### [GOAL OF THE EXERCISE]
Nothing but the lines below between the line holding "13 Tennyson Court, Sunbury VIC 3429" and the line holding "Fırsat Kartepe Köseköy", inclusive, should appear in the answer, each set down exactly.

Stored data entries:
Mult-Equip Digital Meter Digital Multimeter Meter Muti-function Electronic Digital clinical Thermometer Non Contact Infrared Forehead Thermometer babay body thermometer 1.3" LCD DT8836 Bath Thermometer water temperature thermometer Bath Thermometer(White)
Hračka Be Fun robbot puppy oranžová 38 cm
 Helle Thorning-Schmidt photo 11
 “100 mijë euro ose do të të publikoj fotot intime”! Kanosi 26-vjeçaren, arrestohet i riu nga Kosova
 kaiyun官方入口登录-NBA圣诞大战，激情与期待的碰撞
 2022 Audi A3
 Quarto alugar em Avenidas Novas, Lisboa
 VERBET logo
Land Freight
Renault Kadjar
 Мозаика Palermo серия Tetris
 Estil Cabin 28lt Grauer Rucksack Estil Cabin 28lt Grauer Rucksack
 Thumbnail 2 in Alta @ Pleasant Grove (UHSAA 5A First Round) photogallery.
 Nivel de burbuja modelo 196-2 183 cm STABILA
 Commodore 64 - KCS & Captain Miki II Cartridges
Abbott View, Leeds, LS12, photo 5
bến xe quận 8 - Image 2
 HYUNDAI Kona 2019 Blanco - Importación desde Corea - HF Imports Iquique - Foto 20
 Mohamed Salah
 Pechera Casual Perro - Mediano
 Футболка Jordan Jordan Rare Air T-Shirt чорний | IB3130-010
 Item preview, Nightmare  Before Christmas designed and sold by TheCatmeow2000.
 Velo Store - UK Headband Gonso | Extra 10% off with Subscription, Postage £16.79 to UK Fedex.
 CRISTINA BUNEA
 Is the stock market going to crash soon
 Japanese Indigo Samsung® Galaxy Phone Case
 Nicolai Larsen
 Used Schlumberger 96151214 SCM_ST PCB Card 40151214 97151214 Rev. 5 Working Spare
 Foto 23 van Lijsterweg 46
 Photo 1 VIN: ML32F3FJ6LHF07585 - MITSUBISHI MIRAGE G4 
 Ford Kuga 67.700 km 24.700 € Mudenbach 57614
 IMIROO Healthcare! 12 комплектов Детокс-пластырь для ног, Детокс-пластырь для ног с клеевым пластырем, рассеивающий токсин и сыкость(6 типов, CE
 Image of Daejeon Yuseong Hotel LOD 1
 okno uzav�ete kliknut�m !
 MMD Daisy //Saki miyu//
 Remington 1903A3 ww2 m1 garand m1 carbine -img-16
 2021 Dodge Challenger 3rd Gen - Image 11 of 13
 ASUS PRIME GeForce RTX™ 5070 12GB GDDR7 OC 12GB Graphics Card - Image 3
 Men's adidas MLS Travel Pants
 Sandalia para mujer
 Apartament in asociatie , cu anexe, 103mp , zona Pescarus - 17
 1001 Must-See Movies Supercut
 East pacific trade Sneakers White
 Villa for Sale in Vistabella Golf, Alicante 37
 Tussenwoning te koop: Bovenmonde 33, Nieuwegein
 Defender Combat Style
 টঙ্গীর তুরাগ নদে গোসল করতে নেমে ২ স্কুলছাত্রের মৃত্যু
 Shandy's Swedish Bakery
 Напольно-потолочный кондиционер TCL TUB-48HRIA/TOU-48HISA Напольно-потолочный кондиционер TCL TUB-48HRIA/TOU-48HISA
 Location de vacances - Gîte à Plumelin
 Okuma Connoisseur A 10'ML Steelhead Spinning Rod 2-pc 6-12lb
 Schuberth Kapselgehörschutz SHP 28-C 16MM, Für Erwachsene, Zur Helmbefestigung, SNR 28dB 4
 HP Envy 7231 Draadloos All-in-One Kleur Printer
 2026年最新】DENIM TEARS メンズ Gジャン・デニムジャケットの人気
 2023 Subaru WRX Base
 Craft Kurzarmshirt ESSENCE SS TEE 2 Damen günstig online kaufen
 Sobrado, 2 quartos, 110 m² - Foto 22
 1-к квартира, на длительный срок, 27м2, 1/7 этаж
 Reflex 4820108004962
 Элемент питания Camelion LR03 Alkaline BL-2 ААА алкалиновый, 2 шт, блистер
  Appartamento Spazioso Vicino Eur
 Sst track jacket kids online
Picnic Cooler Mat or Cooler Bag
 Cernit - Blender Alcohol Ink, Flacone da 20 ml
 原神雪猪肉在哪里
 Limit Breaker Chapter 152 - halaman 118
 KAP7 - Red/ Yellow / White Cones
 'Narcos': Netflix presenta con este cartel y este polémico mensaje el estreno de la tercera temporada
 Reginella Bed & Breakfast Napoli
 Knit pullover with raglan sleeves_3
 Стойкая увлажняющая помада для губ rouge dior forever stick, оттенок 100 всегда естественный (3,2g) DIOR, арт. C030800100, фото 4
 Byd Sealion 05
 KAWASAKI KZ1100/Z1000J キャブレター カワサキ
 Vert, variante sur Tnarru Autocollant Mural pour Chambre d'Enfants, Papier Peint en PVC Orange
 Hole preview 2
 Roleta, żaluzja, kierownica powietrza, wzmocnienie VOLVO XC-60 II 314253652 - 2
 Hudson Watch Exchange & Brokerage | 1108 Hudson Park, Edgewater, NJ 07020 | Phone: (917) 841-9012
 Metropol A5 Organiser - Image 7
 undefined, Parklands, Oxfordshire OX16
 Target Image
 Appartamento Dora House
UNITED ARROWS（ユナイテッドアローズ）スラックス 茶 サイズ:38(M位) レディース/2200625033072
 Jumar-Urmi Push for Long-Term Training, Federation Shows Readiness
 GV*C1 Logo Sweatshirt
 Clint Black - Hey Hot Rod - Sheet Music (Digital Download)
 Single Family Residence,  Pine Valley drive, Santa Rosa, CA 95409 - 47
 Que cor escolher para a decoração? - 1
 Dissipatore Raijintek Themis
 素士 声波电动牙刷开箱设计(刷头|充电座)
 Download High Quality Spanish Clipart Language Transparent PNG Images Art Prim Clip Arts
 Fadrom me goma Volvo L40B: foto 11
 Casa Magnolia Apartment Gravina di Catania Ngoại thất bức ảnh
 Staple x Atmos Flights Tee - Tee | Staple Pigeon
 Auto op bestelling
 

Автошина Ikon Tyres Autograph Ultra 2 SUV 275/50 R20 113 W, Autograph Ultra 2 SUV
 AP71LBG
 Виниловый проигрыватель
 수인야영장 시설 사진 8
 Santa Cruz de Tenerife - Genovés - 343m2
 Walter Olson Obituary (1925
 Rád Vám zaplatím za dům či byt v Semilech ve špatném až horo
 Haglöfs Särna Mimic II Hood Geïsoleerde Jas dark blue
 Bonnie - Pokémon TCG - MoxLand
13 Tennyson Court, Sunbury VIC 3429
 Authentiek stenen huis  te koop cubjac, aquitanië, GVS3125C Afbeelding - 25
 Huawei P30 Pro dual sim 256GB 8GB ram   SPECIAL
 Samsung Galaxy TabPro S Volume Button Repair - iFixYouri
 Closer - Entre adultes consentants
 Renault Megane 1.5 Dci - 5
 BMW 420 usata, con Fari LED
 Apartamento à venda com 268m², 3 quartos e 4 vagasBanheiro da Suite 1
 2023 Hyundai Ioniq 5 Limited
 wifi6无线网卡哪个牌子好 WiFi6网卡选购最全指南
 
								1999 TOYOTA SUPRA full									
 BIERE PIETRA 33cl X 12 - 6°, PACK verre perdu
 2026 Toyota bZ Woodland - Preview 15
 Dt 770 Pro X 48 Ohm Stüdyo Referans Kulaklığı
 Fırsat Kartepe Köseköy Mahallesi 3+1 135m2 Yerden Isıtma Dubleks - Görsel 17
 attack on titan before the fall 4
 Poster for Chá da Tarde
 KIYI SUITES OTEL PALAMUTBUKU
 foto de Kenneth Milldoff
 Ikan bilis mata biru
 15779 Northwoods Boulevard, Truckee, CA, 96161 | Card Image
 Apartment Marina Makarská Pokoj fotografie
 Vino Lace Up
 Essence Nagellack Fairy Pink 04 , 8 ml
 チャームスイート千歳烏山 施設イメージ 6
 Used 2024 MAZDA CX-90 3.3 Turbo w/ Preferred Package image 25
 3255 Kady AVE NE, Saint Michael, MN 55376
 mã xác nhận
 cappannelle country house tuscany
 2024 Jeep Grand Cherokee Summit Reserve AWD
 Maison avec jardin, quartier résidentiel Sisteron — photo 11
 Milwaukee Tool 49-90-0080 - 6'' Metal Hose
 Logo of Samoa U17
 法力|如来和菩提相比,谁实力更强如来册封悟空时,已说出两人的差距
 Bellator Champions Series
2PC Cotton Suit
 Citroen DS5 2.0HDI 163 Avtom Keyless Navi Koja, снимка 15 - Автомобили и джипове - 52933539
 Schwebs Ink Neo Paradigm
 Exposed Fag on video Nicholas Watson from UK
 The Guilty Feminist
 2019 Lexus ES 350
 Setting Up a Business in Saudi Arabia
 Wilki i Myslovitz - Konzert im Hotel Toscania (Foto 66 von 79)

### [THE ANSWER]
13 Tennyson Court, Sunbury VIC 3429
 Authentiek stenen huis  te koop cubjac, aquitanië, GVS3125C Afbeelding - 25
 Huawei P30 Pro dual sim 256GB 8GB ram   SPECIAL
 Samsung Galaxy TabPro S Volume Button Repair - iFixYouri
 Closer - Entre adultes consentants
 Renault Megane 1.5 Dci - 5
 BMW 420 usata, con Fari LED
 Apartamento à venda com 268m², 3 quartos e 4 vagasBanheiro da Suite 1
 2023 Hyundai Ioniq 5 Limited
 wifi6无线网卡哪个牌子好 WiFi6网卡选购最全指南
 
								1999 TOYOTA SUPRA full									
 BIERE PIETRA 33cl X 12 - 6°, PACK verre perdu
 2026 Toyota bZ Woodland - Preview 15
 Dt 770 Pro X 48 Ohm Stüdyo Referans Kulaklığı
 Fırsat Kartepe Köseköy Mahallesi 3+1 135m2 Yerden Isıtma Dubleks - Görsel 17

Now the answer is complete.